No seriously. Take Taupe off the list of colors. It's stupid.

84. Tomato
Tomato? Does it look like tomato you asshole!
83. Fandango
Pretty sure it's a Queen lyric, but scaramouch, scaramouch. We will not do the fandango.
82. Liver
This is what happens when you smoke. Your liver turns grey. Is there anything to gain from this? No. Is there anything to feel from this? No. This color supports smoking. But, that's not the point. It's just a stupid fucking color.
81. Battleship Grey
Oh no! You sunk my confidence in the modern intellectual!

80-71[edit | edit source]

80. Rust
Now, who in the right mind thinks THIS is a beautiful color. Rust is like naming a color poop, except poop might actually be acceptable!
79. Emerald
Emerald looks like mint flavored ice cream. No one likes it, and if you do, no one likes YOU.
78. Halayà úbe
Elton John, please get your album names out of my list. Thank you.
77. White
Can't read it? Neither can I.
76. UA Blue
Main color of Arizona University. But who who cares about college, anyway? Dick Cheney?
75. Tickle Me Pink
Elmo, welcome to the list. Uninvited, but you can stay.
74. Zaffre
Zomp's brother. If you're related to Zomp in anyway, listen to Christopher Walken, and get out.
73. Violet
Isn't it the same thing as purple? Oh, I'm sorry. Indigo...
72. Pistachio
Only used for Mustachio jokes. About as funny as Hu's on First.
*Fake laughs*
71. Brown-nose
In case you can't figure out why this color is bullshit, please read its name again...

70-61[edit | edit source]

70. Flame
Looks like this color has a... BURNT reputation! *bad dum csh*. Eh, fuck it. Make it number 70...
69. Super Pink
Found the gayest color for number 69 for the people who actually think the joke is funny.
68. Dark Slate Blue
This color looks like a boring, blue turd.
67. Lawn Green
This color doesn't look at all like actual grass- it is called lawn green, maybe it's because everyone has Asstroturd now.
66. Dark Orange
Not dark at all, just extremely bright.
What's worse than the color beaver and gold? A golden beaver.
65. Yellow
The color of piss.
64. Beige
An excuse for a color. Used by housewives and door-to-door vacuum cleaner salesmen because it's "nice and neutral".
63. Lilac
It's a flower, not a color. Use "purple". Or *shudder* "Indigo"...
62. Macaroni and Cheese
Mine always turns out significantly darker than this.
61. Gold
It looks like urine, not gold.

60-51[edit | edit source]

60. Medium Spring Green
An ugly easturd color.
59. Snow
The cheap version of white.
58. Go Green
Green for hippiecrits, who just like buying "Go Green" paraphernalia and pretending to care.
57. Air Superiority Blue
What the fuck is this shit. Air superiority? Air power! Air power!
56. Beau Blue
If a baby is wearing this color instead of baby blue, they will grow up to be uptight, rich, eat only caviar, and never poop.
55. Razzle Dazzle Rose
It's called Annoyingly Bright Pink...
54. New Car
Cars aren't always ugly dark blue... Just kidding you idiot
53. New York Pink
How pink looks in New York, because of all the smog.
52. Nyanza
Oh fuck no, get out of our colors Nyan Cat!
51. Angry Birds Red
Why the fuck is Angry Birds this popular?!?!

50-41[edit | edit source]

50. Tan
Maybe New Jersey hacked the list of colors, but this is unacceptable. We now welcome this fugly color to number 50.
49. Cyan
A fickle color at best. Even wikipedia mentions its lack of definition.

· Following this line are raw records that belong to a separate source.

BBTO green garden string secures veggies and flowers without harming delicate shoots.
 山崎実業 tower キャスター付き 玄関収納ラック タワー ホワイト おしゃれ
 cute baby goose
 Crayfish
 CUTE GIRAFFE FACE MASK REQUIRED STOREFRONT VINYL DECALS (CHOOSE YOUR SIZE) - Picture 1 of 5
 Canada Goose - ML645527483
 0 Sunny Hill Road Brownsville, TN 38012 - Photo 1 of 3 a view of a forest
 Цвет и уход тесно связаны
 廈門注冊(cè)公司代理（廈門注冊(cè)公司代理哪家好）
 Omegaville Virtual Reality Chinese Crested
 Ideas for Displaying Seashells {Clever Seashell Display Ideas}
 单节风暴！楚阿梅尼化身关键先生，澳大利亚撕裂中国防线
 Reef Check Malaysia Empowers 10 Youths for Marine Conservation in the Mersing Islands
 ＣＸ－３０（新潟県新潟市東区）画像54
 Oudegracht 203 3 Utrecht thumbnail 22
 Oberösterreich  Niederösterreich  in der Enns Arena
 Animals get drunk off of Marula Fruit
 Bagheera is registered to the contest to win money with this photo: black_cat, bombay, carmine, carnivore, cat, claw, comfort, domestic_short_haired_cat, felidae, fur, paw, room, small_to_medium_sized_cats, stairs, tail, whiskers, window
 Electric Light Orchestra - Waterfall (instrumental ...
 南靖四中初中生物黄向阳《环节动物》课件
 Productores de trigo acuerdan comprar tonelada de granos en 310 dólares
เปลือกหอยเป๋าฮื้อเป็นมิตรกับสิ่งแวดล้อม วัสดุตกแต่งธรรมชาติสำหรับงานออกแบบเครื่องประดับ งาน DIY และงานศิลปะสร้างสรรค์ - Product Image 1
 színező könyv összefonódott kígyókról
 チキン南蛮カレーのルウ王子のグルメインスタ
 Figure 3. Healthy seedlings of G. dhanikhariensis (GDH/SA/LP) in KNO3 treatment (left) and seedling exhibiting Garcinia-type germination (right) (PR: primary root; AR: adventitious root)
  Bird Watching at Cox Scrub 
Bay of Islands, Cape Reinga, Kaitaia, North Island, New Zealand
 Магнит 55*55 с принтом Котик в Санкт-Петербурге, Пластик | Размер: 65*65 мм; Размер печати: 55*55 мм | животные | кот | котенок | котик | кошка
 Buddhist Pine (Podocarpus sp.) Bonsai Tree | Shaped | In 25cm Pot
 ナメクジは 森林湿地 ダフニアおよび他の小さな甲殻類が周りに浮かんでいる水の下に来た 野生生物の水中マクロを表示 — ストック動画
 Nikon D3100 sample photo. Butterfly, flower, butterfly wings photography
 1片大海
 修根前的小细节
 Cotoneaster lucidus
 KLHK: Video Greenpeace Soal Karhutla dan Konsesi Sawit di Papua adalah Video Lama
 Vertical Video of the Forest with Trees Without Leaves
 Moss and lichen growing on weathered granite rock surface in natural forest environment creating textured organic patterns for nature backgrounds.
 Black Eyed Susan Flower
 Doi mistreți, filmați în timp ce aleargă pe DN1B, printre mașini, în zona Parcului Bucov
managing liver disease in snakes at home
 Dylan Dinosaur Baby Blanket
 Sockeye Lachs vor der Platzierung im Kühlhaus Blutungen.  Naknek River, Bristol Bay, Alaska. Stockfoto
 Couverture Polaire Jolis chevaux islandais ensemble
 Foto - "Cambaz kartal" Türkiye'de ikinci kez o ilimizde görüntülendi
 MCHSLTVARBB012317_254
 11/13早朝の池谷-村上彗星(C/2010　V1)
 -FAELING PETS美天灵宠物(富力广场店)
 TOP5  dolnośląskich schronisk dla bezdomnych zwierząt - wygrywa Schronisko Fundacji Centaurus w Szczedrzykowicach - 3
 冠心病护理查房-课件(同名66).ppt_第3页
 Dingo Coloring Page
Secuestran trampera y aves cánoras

“...may be used as the name of any color in the range between blue and green.”

~ Opening sentence of wikipedia's article on Cyan
48. Dark Grey
Black's cheaper, uglier cousin.
47. Dark Gray
Black's cheaper, uglier, European cousin.
46. Cum White
Do I need to say more?
45. Cosmic Latte
The official color of the Universe is an ugly shade of beige copyrighted by Starbucks. Lovely.
44. Desert Sand
I don't like sand. It's coarse and rough and irritating... and it gets everywhere.
43. Heliotrope Purple
Get out of my damn colors, Copernicus.
42. Love Red
That's an order, not a color you lovesick fool.
41. Cop-per
Killing unarmed minorities isn't cool.

40-31[edit | edit source]

40. Cream
Man up and say "cum" like the rest of us. None of this sissy "Oh I'm gonna CREEEEAAAAM!" bullshit.
39. Shocking Orange
It really isn't.
38. Chartreuse
The mere sight of the color makes one shart their pants.
37. Puke Green
This one speaks for itself.
36. Kobi
It's not Kobe because it's a shade of pink, not brown.
35. HTML Pink
The only pink I see with this color is that of a pig. Like a capitalist pig, because clearly those marketing off of the internet back then clearly focused too much on the money to get their pinks and browns right.
34. Coral
They create a color that is closer to a deep orange than even dark orange, then they call it PINK. FUCKING PINK. I swear to god people, coral is a shade of ORANGE. Hell, if you don't like that, call it a shade of red!
33. Salmon
Despite having the same problem as Coral, I would've let this one slide to 34 instead of 33, but they named the color after the FLESH of a salmon, and NOT the clearer outside colours. I'm on the verge of putting this at number 32 instead. You guys are so weird.
32. Cerulean
Ugly shade of teal. Moving on.
31. Turquoise
Ugly shade of teal. Moving on.

30-21[edit | edit source]

30. Teal
Ugly shade of teal. Moving on.
29. Cadet Blue
UGLY. SHADE. OF. TEAL. GOD DAMN. WHY CAN'T TEAL GET ANYTHING RIGHT.
28. Cadet Gray
You think taking an ugly shade of teal and making it gray will solve everything? Fuck you. Welcome to spot 28.
27. Space Cadet
Wow, space! I should take this off the Worst 100 colors because it has space!
26. Lemon
All shades of yellow that are more green than red should literally not exist. They're so ugly.
25. Dark Mustard
Okay, I think I found the NEW worst type of shade. Fuck all yellow-browns and green-browns.
24. Army Green
That's a dark shade of YELLOW. That's not GREEN. Is America colorblind?
23. Dark White
What the fu.....??
22. Countdown Brown
Oh, so you think you're clever? Naming your color "Countdown Brown" because its HEX values go 6-5-4-3-2-1? It's almost like literally the entire world would think of that.
21. HTML Violet
Violet? VIOLET!?!? Now this is straight up offensive. They didn't even look at the rainbow. HTML Pink and Brown made at least SOME sense; pink is meant to be a light red and brown is meant to be a red-brown, but THIS? Violet is red + blue, not like magenta! Who thought this was a good idea?